Je tiens enfin à souligner que le don de l’esprit d’espérance est une source d’énergie pour les mouvements de la paix et de la justice, et à insister sur le fait que c’est dans le cadre de la communauté que l’esprit se révèle de préférence. C’est pourquoi tout travail pour la paix et la justice ne doit pas se contenter de se faire en faveur de la communauté quelque part dans le monde, mais doit également favoriser la vie de vos communautés ici même.

Les Églises constituent un réseau extraordinaire de chrétiens qui cherchent à suivre les valeurs de l’Évangile dans tous les coins du monde. Je vous invite à tendre la main à vos frères et à vos sœurs dans d’autres parties du monde, à écouter ce qu’ils ont à vous dire, leurs cris, leurs joies, et à faire passer ces espoirs et ces rêves dans les milieux du pouvoir en vue de leur réalisation effective.

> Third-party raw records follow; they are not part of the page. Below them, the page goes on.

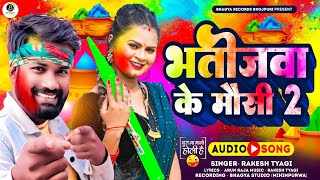 audio भतीजवा के मौसी  Rakesh Tyagi  Bhatijwa Ke Mausi  Bhojpuri Holi Song 2024 [upl. by Ailaroc]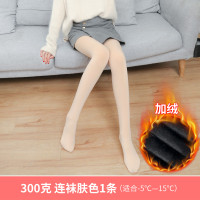 浪莎光腿神器打底袜 加绒加厚肉色打底裤女 外穿裸感连裤袜秋 300G冬季保暖棉裤 肤色连脚【零下5至10度】 均码【适合40-65KG】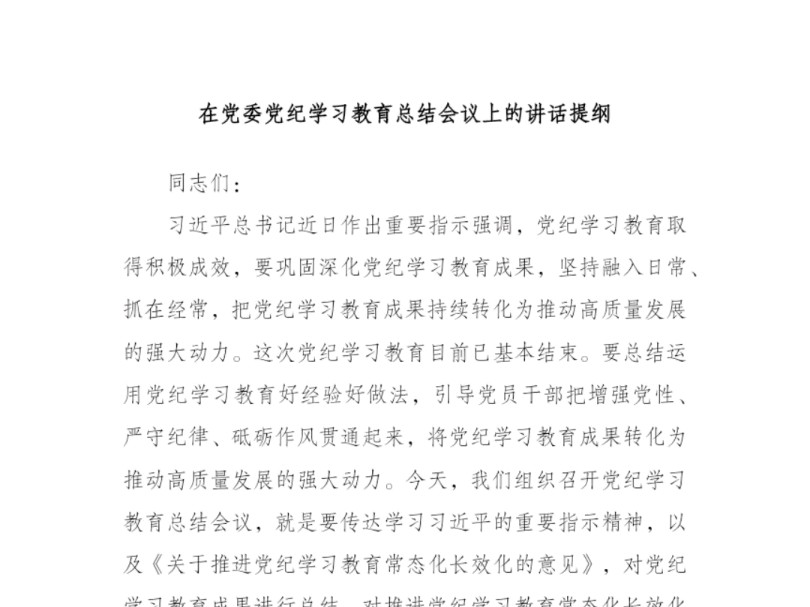 在党委党纪学习教育总结会议上的讲话提纲哔哩哔哩bilibili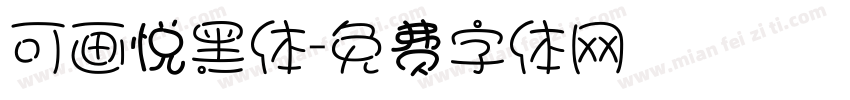 可画悦黑体字体转换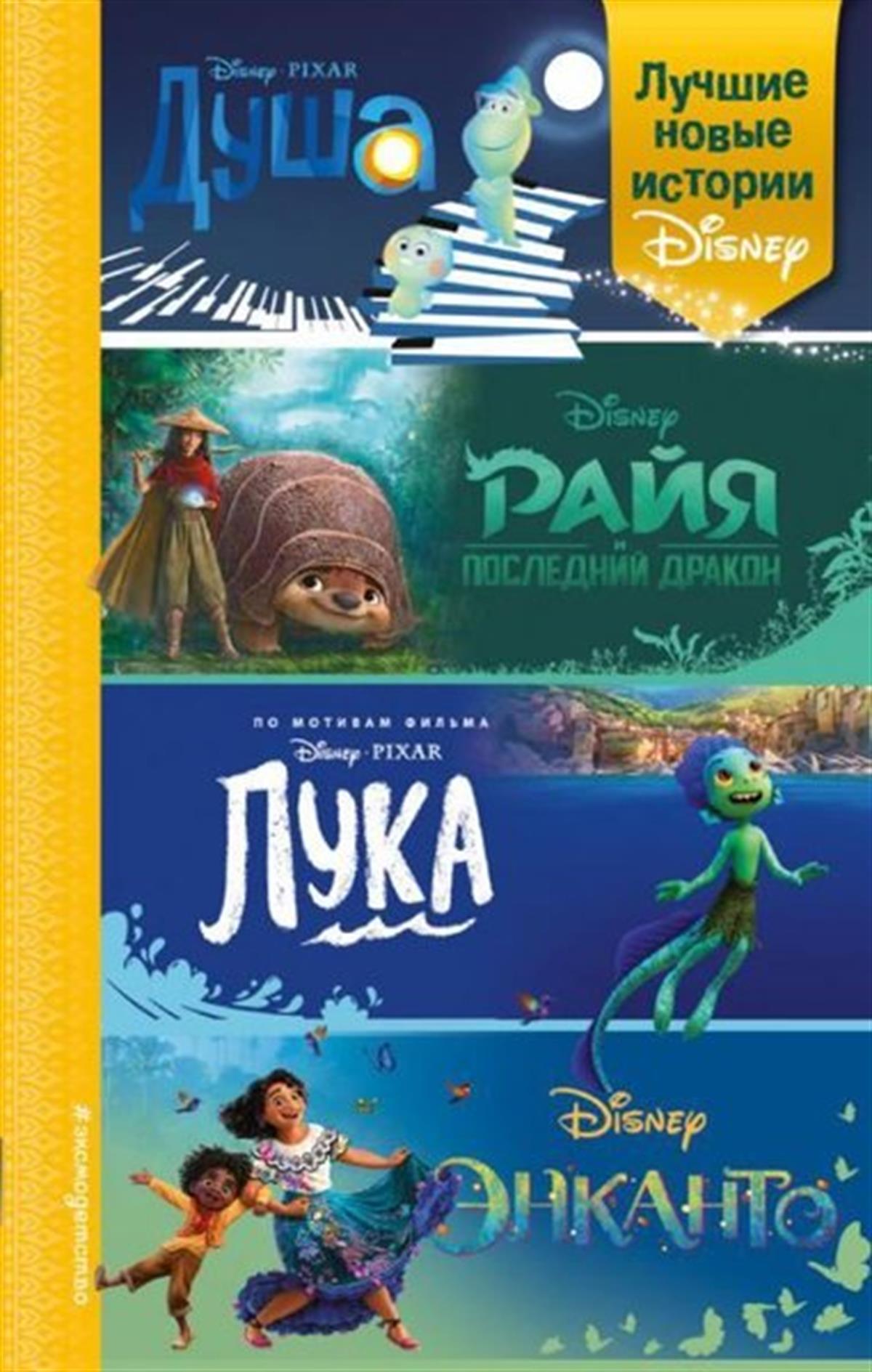 KolektifRussianLucshie novye istorii Disney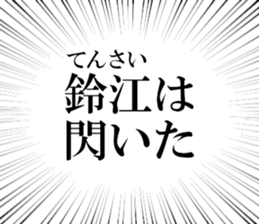 632320393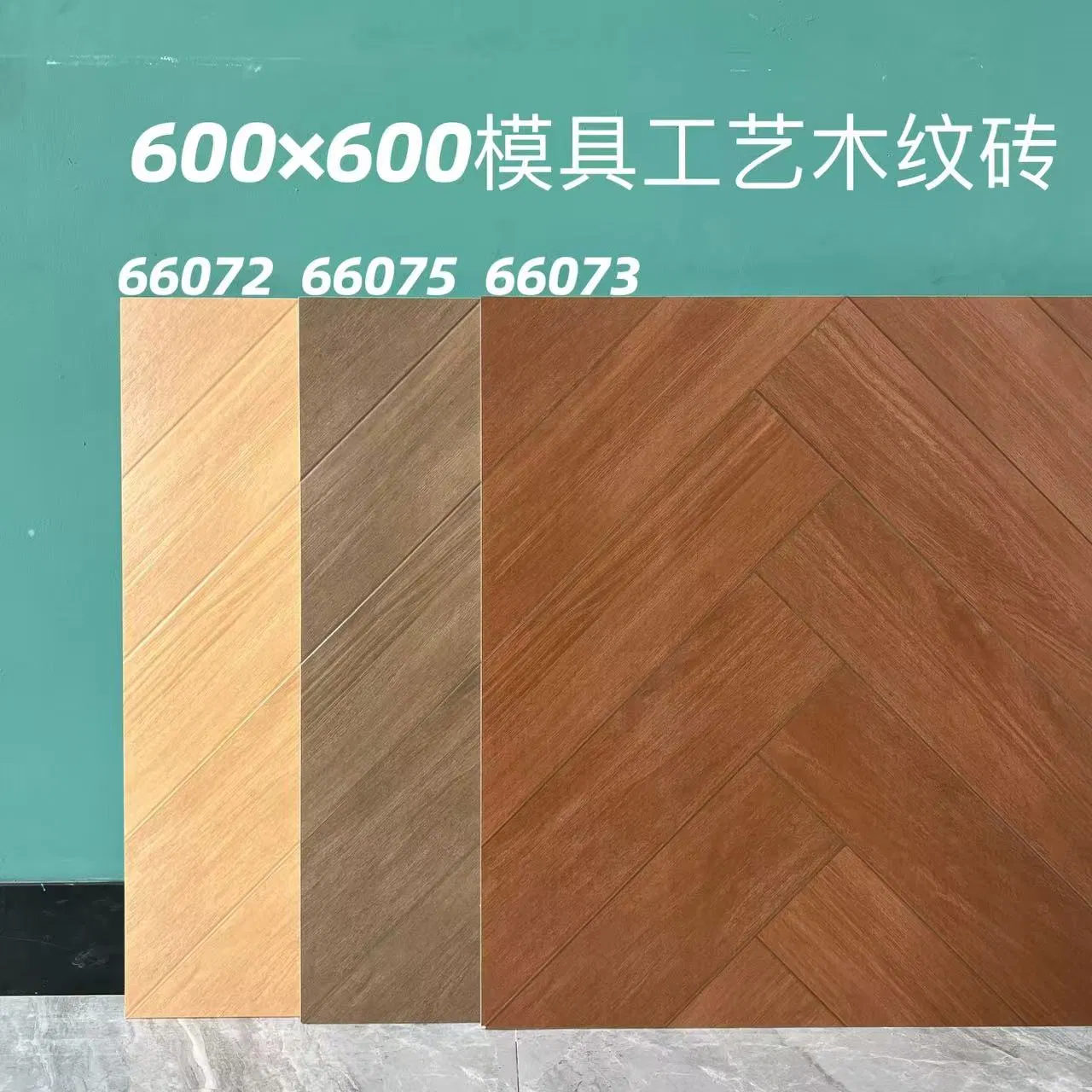 Wooden Pattern Finished Glazed Ceramic Tiles Wood Look Floor Porcelain Tiles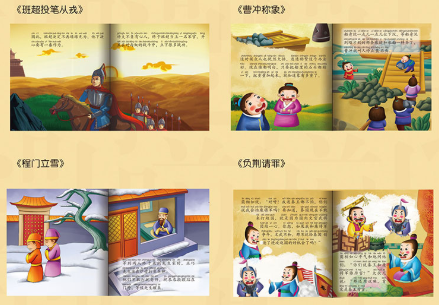 孩子的童年需要经典的寓言故事来充实，这会对他们的人生有启发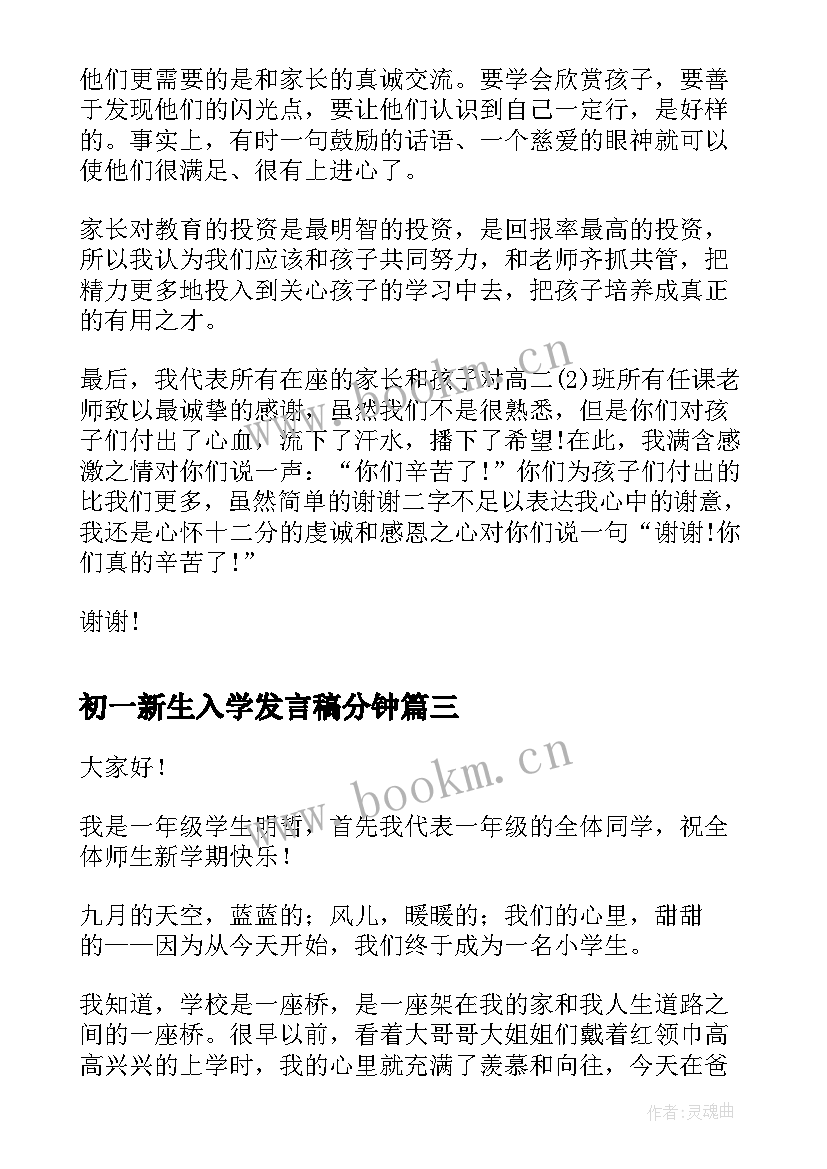 最新初一新生入学发言稿分钟(实用5篇)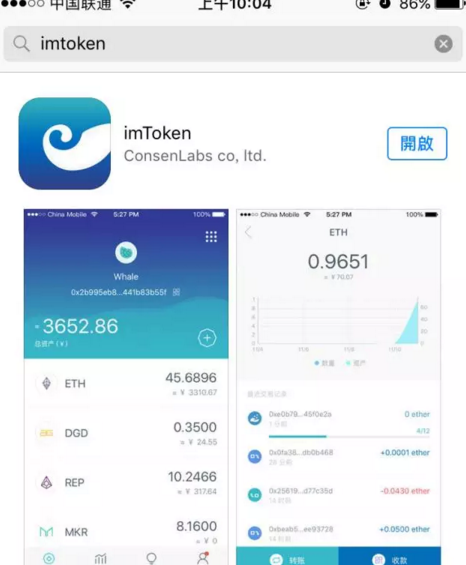 imtoken电话-imtoken钱包客服电话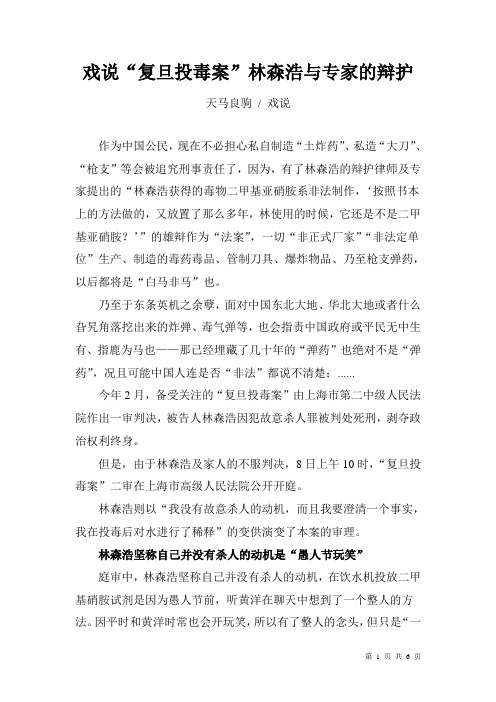 戏说“复旦投毒案”林森浩与专家的辩护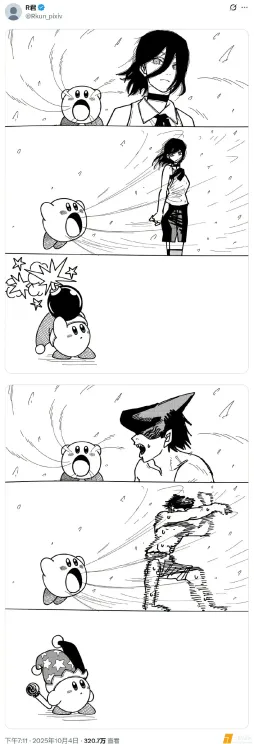 电锯人 x 星之卡比 ​​​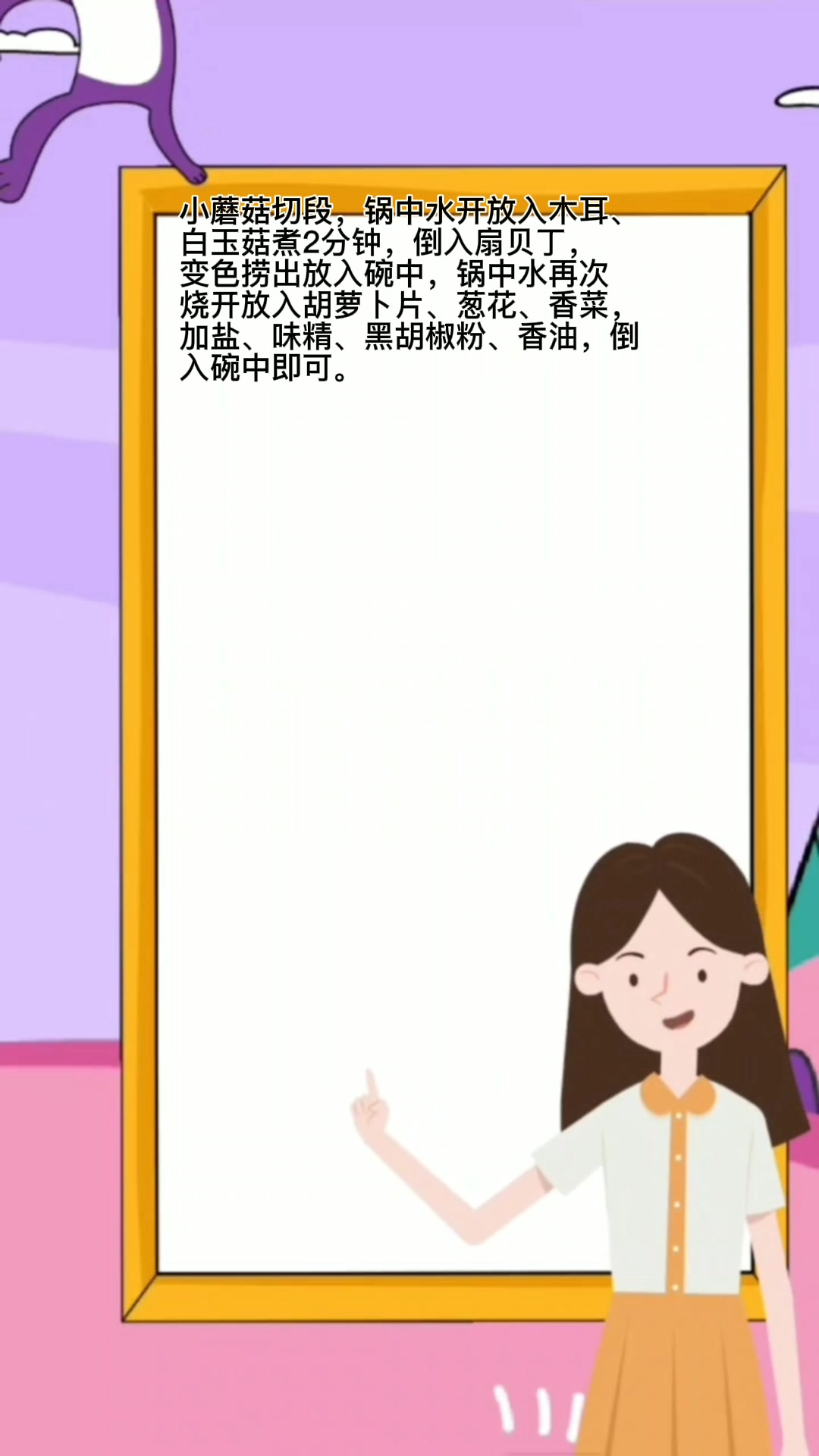 海鲜汤最简单的做法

Frères et sœurs, je vous appelle à prier pour qu’il y ai plus de paix dans notre monde fragile ! Priez les uns pour les autres ! Évitez la tentation qui consiste à travailler pour la justice et la paix sans enraciner ce travail dans le discernement spirituel et la prière. Et, dans votre travail et dans votre prière, prenez aussi le temps d’écouter.

Je vous remercie. Que Dieu vous bénisse dans votre travail au cours des jours qui viennent et continuons à travailler ensemble pour plus de paix et pour surmonter la violence!